START THE DATA
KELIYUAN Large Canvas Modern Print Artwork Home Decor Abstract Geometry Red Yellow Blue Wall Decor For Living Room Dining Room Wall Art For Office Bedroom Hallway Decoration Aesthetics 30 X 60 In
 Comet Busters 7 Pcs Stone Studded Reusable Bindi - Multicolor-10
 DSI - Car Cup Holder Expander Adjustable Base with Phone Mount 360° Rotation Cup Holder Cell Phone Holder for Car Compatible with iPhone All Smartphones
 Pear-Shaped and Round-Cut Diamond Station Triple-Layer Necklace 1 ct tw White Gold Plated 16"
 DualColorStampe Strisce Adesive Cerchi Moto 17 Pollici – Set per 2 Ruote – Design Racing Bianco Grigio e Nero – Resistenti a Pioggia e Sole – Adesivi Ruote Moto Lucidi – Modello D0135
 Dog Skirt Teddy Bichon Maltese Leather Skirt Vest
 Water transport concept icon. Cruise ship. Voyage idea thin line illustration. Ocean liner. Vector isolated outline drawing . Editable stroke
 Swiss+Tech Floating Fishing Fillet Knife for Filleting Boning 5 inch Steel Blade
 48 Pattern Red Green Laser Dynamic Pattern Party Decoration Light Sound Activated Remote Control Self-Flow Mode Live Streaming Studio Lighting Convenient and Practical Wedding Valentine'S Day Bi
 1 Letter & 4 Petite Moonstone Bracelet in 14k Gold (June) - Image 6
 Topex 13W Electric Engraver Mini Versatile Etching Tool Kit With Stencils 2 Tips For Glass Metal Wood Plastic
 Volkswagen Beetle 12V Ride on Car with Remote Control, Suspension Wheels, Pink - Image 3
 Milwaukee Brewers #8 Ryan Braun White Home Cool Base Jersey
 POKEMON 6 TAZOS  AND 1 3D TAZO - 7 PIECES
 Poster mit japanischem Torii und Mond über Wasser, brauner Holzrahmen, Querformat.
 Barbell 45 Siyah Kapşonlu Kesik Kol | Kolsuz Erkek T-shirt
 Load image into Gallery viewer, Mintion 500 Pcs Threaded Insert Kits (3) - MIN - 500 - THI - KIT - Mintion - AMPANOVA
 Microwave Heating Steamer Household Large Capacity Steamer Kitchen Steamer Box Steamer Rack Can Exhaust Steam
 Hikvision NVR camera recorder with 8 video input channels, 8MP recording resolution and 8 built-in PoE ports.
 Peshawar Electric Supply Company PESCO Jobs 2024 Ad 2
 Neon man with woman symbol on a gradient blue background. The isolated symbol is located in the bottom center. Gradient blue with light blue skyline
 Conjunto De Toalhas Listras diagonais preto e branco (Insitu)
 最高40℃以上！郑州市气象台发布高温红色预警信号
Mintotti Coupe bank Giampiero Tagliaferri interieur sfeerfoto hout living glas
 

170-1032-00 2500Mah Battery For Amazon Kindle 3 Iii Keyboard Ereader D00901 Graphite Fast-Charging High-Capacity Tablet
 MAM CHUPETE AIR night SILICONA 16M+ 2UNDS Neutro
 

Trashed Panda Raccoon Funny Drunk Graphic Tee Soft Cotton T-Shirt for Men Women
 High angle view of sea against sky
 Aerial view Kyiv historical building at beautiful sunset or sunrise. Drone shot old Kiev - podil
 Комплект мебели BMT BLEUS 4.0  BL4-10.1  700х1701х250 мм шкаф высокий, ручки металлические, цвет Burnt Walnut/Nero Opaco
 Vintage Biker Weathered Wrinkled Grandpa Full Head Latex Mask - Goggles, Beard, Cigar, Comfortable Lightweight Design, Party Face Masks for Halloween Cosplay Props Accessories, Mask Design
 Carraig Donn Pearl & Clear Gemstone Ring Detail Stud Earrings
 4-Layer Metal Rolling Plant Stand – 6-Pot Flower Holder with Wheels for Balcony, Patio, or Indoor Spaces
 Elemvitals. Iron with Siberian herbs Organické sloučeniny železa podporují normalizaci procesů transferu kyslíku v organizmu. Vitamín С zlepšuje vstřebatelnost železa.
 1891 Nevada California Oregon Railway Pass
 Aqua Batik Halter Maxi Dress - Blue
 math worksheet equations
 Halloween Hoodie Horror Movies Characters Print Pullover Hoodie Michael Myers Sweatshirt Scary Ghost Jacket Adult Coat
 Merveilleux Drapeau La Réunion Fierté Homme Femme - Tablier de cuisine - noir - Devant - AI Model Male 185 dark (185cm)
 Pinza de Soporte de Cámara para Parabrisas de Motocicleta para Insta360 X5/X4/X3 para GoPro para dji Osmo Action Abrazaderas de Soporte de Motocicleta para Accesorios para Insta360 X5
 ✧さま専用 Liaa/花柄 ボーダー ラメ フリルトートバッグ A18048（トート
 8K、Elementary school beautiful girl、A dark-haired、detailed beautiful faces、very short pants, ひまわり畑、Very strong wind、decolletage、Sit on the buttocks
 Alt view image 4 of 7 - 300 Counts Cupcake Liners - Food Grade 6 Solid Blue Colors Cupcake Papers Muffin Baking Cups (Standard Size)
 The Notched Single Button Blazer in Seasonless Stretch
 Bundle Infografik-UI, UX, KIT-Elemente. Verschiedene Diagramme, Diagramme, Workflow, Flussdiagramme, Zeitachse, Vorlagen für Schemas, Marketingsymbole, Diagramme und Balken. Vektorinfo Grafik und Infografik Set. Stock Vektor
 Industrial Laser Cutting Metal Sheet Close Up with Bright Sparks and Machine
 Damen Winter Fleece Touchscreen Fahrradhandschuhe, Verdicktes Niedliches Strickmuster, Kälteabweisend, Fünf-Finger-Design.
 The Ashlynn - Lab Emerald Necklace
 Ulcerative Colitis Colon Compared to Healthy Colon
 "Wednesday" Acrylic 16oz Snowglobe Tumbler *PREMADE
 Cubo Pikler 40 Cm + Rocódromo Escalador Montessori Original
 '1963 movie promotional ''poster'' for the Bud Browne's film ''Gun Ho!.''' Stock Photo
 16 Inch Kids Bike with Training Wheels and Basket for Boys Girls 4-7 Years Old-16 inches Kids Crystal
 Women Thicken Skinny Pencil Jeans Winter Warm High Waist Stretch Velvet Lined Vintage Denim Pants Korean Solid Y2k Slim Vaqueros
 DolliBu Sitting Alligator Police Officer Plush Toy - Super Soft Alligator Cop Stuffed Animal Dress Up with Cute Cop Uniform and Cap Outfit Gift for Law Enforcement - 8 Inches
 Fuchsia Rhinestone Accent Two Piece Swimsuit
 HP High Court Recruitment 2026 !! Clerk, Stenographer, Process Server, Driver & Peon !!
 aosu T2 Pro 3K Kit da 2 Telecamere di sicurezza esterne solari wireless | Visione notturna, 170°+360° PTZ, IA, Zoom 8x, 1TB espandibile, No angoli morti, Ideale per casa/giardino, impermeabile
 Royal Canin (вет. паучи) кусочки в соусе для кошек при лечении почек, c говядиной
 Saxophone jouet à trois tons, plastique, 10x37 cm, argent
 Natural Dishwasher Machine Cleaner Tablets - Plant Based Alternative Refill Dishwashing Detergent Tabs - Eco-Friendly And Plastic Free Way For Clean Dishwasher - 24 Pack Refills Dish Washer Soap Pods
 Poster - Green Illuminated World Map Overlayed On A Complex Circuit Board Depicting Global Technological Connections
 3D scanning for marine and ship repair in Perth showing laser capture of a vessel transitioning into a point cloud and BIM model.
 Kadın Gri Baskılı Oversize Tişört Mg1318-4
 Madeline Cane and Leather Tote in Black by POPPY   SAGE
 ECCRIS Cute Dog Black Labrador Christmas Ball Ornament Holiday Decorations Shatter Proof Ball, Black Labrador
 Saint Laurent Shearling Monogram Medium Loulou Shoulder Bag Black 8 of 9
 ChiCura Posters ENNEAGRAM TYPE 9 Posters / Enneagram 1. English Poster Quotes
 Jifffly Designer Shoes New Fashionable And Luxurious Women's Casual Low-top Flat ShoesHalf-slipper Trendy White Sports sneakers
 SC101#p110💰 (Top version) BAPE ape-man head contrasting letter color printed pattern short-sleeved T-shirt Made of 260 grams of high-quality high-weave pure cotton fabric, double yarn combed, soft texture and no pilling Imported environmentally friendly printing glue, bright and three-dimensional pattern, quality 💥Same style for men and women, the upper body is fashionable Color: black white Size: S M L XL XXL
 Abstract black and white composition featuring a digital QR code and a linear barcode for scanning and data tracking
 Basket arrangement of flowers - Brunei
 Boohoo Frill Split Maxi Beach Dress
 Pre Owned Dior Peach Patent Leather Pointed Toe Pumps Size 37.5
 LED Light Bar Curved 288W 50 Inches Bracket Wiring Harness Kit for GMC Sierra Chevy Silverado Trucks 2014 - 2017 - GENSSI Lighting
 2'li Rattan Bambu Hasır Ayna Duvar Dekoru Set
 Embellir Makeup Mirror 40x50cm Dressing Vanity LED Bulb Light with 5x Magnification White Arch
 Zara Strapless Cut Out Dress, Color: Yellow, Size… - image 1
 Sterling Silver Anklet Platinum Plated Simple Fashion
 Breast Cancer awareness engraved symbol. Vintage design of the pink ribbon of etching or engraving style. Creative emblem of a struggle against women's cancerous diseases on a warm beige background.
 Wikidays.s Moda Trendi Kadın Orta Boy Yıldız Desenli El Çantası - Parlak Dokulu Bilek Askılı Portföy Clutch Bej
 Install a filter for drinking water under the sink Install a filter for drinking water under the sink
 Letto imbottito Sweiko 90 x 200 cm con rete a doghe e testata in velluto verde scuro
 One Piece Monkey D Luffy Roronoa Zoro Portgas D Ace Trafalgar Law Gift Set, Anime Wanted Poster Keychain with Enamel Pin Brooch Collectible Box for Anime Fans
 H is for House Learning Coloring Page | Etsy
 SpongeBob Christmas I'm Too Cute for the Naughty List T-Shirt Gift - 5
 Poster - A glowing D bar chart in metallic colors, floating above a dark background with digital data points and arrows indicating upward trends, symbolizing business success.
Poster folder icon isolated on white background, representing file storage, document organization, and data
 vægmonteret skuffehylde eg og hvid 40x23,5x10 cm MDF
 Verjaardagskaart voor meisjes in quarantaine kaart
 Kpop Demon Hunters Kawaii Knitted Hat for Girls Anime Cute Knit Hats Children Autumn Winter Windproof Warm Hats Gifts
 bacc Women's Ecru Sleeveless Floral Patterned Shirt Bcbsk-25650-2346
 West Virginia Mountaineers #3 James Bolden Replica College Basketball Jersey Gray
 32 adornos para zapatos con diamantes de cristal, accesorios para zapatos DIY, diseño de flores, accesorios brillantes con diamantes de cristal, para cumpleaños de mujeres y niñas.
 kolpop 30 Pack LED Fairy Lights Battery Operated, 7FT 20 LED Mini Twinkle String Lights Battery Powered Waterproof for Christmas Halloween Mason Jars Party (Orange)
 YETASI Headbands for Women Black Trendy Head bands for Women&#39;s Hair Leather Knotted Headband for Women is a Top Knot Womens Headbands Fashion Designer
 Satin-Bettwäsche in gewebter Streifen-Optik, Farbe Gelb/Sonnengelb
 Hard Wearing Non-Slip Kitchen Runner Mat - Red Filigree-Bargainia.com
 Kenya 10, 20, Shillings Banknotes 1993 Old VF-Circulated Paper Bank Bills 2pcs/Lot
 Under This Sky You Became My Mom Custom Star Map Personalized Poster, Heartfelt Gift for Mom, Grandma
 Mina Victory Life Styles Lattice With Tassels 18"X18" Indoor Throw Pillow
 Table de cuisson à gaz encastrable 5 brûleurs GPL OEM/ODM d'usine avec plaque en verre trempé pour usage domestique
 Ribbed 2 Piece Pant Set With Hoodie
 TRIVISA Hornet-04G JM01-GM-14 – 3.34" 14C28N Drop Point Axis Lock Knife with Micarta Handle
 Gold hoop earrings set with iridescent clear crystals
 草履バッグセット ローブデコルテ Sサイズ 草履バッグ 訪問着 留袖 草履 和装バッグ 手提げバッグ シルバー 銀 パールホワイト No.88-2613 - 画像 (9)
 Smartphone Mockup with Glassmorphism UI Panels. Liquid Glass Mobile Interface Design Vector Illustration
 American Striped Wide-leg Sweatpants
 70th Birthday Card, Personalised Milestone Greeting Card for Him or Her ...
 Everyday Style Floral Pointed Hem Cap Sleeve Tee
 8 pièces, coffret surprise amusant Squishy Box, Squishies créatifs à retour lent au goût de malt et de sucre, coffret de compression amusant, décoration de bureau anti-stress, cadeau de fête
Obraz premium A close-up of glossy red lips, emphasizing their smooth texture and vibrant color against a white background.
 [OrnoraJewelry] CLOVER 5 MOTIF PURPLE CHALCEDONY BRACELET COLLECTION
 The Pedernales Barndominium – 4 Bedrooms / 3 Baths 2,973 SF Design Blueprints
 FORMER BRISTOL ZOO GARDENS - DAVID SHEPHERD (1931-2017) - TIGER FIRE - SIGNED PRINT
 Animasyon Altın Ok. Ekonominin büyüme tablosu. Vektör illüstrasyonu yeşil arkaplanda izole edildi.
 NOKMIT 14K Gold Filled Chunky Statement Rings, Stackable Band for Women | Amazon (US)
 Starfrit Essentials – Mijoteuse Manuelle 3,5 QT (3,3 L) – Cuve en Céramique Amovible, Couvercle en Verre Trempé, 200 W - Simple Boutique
END THE DATA
▸ **TASK DESCRIPTION**:
Wherever the word "Floral" appears in the listing above, copy the whole line.

▸ **TASK RESULT**:
 bacc Women's Ecru Sleeveless Floral Patterned Shirt Bcbsk-25650-2346
 Everyday Style Floral Pointed Hem Cap Sleeve Tee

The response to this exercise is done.